The design continues to be developed (as the name implies) and what were concepts now turn into architectural decisions. If the material selections are included as an included additional service, they are now selected and the major systems of the project (mechanical, electric, plumbing, structure) are created by various consultants and added to the drawing set by the Architect. This is also the time to address important areas like code compliance, architectural details, fixture selection, and window/mullion configurations. The drawings and renderings that are developed are ready for obtaining permits, to be used as marketing collateral, or in the case of a developer used for fundraising purposes. 

Step 5: Construction Documents

Not every job requires full Construction Documents (CDs), and many home renovation drawing packages are considered “complete” at Step 4. CDs drawings are highly detailed representations that explain how every element of the job is to be constructed. Most Architects will submit permit drawings early in the development of the CDs so that no time is lost waiting for the building department to provide feedback and ultimately approvals for the project. The finalized CDs will have each and every specification needed to build the project, down to the color of the trim and the size of every window mullion. Once the Architect has all CDs finalized, the Project is ready to go to bid. The next two steps are often managed directly by the Client (or their GC at step 7) and Rose Architects offers them as Additional Services. 

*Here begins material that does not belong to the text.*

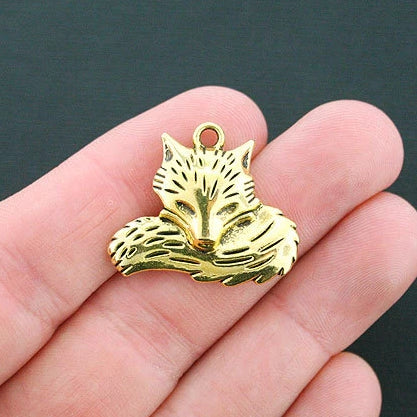 2 Fox Antique Gold Tone Charms - GC456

Step 6 (Additional Service): Bidding and Negotiation with Contractors

The Permitting or Construction Drawings are sent to multiple contractors and the resulting bids will be reviewed by the Architect and Client. The best fit can be decided based on cost, timeline, experience, or best value – it all depends on a number of factors when making such an important decision and the Client will always have the final say.

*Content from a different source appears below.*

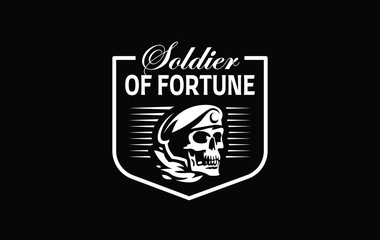 Skull in a military beret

Step 7 (Additional Service): Construction Administration

The Architect will remain involved with the project all the way through construction completion (with the exception of minor work or other unique situations). The Architect’s role at this point in the project is to make sure the project is built in accordance with the Construction Documents, especially as it relates to the design intent and the Client’s best interests. Periodic meetings with the Contractor will take place to monitor job progress, and if necessary, Change Orders will be created and submitted to the Client for approval to adjust for any issues that occur in the field. The Architect will also review all invoices and scheduling to ensure the project stays on track.

In addition to the steps outlined above, there are numerous milestones that will need to be signed off on by both the Client and the Architect in order to proceed with the project. We do this to ensure that everyone is on the same page and that there are no surprises. Surprises in architecture result in increased costs and delays…the two things we always do our best to avoid!